Please set down only the lines below starting with the line with "3 Panels Shipping" and going on through the line with "Полный 5D Diy", verbatim and without pictures.

◆ Data for review ◆
▬▬▬▬▬▬▬▬▬▬

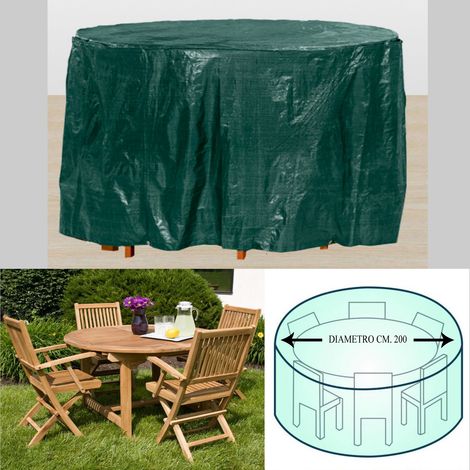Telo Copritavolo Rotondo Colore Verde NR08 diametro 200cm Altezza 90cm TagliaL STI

▬▬▬▬▬▬▬▬▬▬

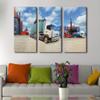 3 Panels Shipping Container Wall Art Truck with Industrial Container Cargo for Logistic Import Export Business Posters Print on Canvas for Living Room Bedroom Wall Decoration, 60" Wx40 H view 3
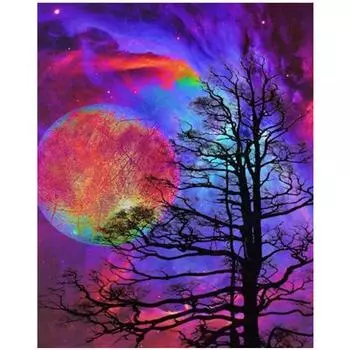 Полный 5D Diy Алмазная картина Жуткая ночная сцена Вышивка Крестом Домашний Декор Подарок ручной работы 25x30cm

▬▬▬▬▬▬▬▬▬▬

◆ Answer below ◆
 3 Panels Shipping Container Wall Art Truck with Industrial Container Cargo for Logistic Import Export Business Posters Print on Canvas for Living Room Bedroom Wall Decoration, 60" Wx40 H view 3
 Полный 5D Diy Алмазная картина Жуткая ночная сцена Вышивка Крестом Домашний Декор Подарок ручной работы 25x30cm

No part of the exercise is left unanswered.